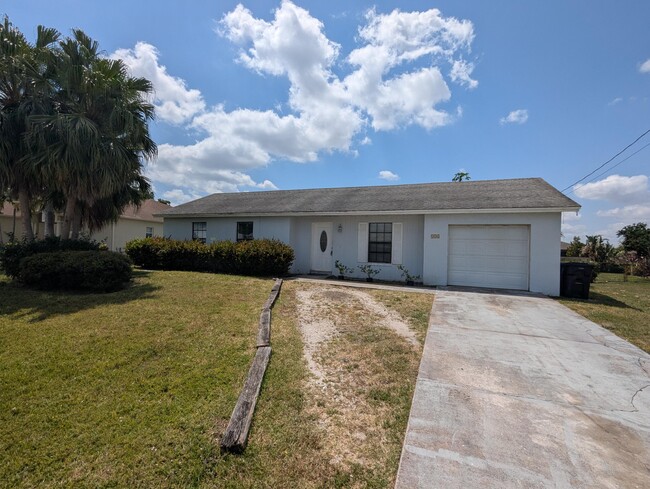 Photo - 554 SW Lakehurst Dr House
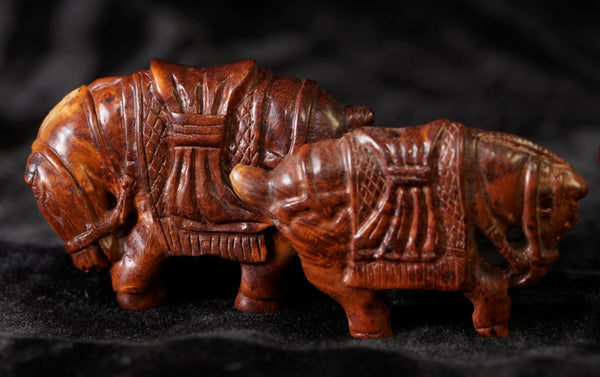 Ma-Li Wood Horse with Saddle Bead FWD07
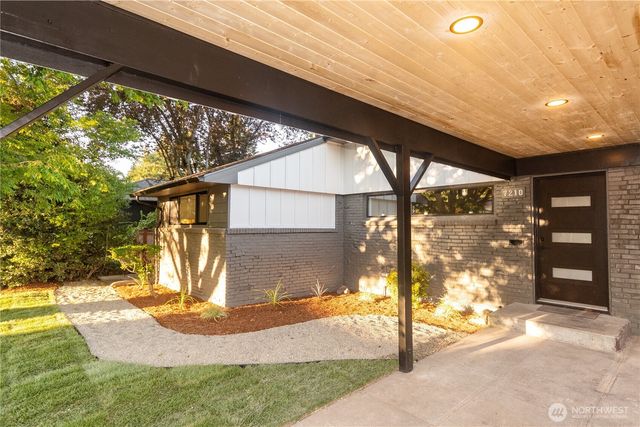 7210 Seward Park Avenue S, Seattle, WA 98118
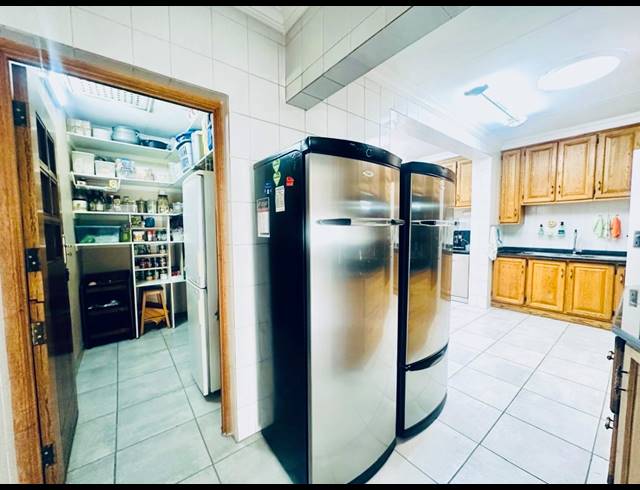 3 BEDROOM FREEHOLD FOR SALE IN BRACKENHURST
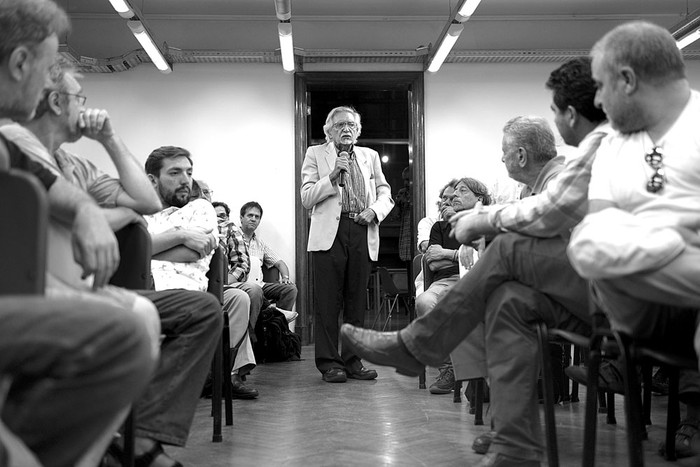 Mariano Arana participa en la presentación del grupo Varones por la Igualdad, el jueves, en la Biblioteca Nacional. Foto: Andrés Cuenca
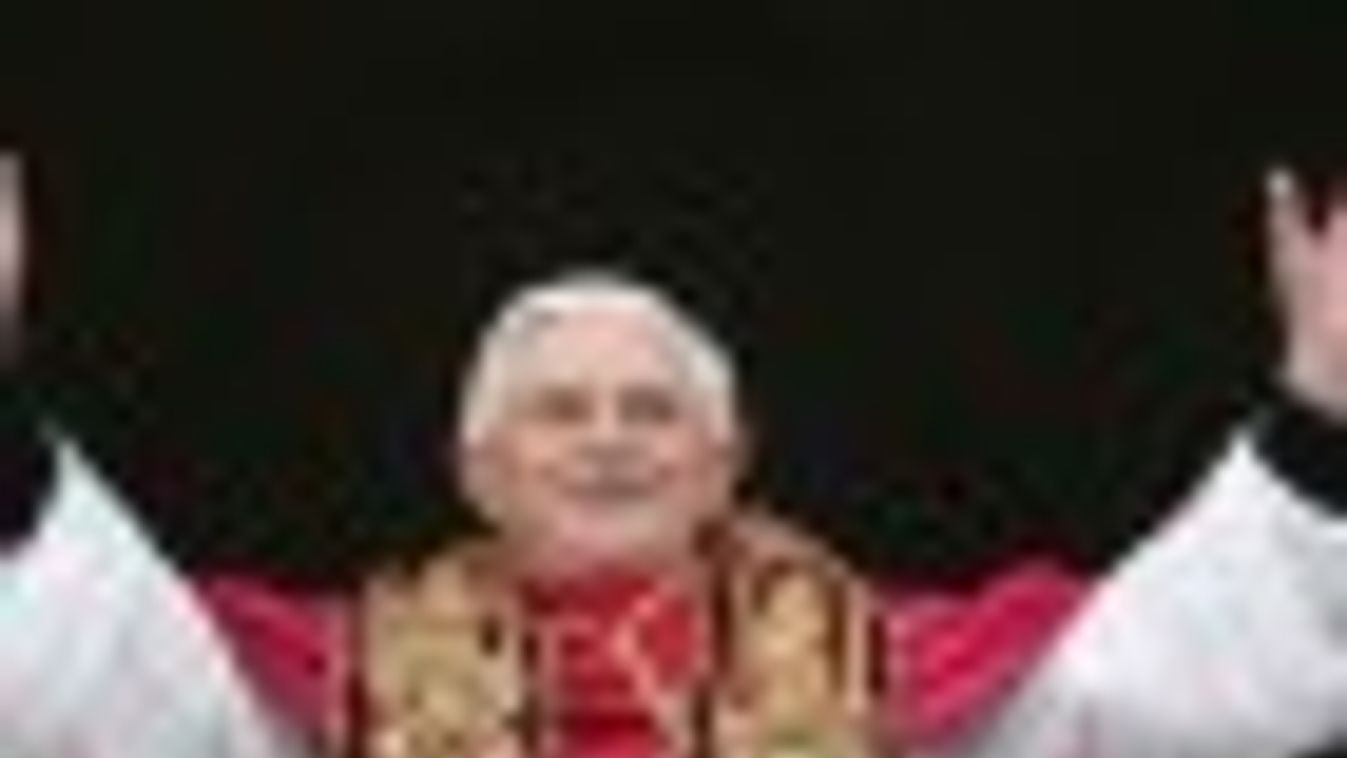 Szenteste az emberek és népek közötti békéért imádkozott XVI. Benedek
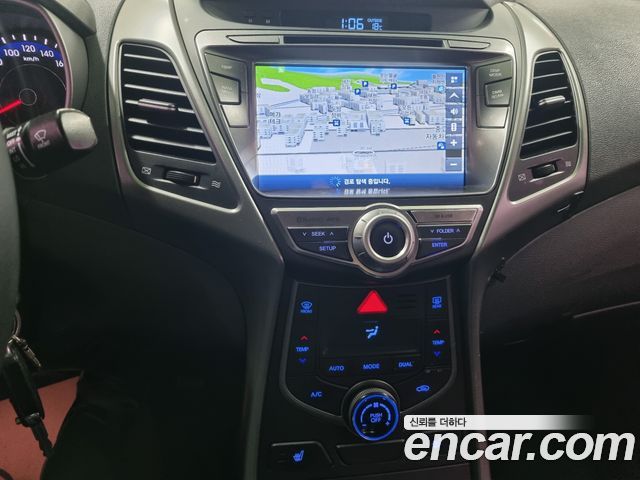 Hyundai AVANTE 2016 — photo 14
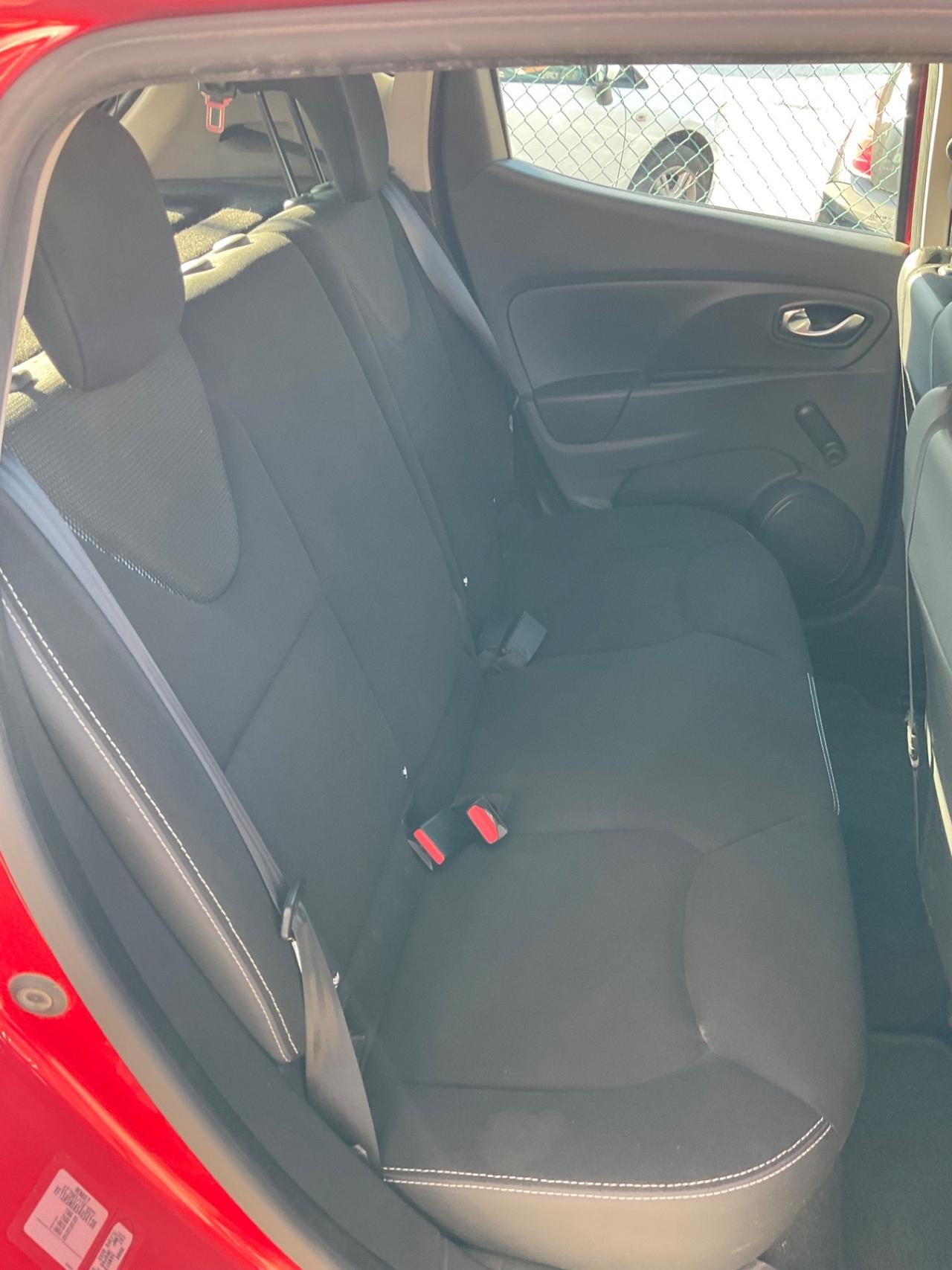 Renault Clio 1.2 75 CV 5 porte Duel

────────────────────

Pictures do not belong in the copy; repeat the rest of the listing exactly.

 Photo - 554 SW Lakehurst Dr House
 Ma-Li Wood Horse with Saddle Bead FWD07
 7210 Seward Park Avenue S, Seattle, WA 98118
 3 BEDROOM FREEHOLD FOR SALE IN BRACKENHURST
 Mariano Arana participa en la presentación del grupo Varones por la Igualdad, el jueves, en la Biblioteca Nacional. Foto: Andrés Cuenca
 Szenteste az emberek és népek közötti békéért imádkozott XVI. Benedek
 Hyundai AVANTE 2016 — photo 14
 Renault Clio 1.2 75 CV 5 porte Duel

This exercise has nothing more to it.